The data:
══════════

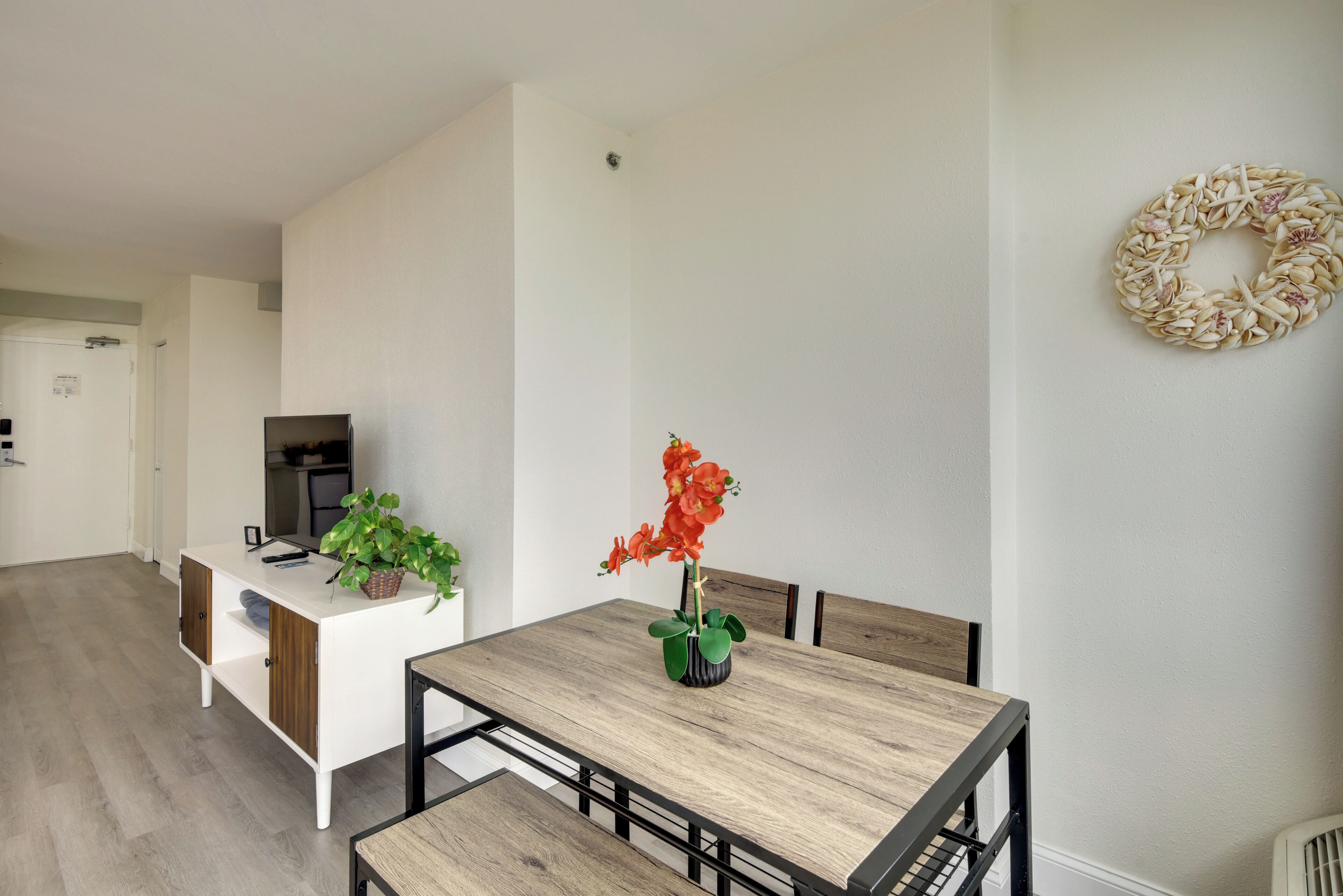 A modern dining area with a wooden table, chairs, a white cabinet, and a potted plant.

══════════

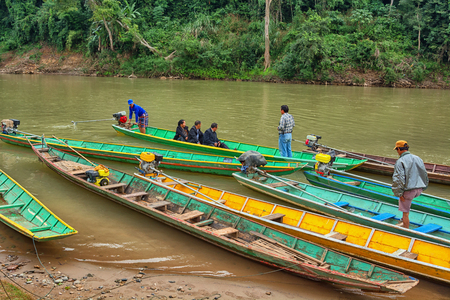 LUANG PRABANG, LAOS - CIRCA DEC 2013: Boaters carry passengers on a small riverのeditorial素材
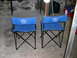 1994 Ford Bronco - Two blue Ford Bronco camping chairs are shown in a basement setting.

══════════

Your task: With the pictures omitted, restate word for word the lines above from the line that has "LUANG PRABANG, LAOS" up to and including the line that has "1994 Ford Bronco", and no other lines.

Response area:
 LUANG PRABANG, LAOS - CIRCA DEC 2013: Boaters carry passengers on a small riverのeditorial素材
 1994 Ford Bronco - Two blue Ford Bronco camping chairs are shown in a basement setting.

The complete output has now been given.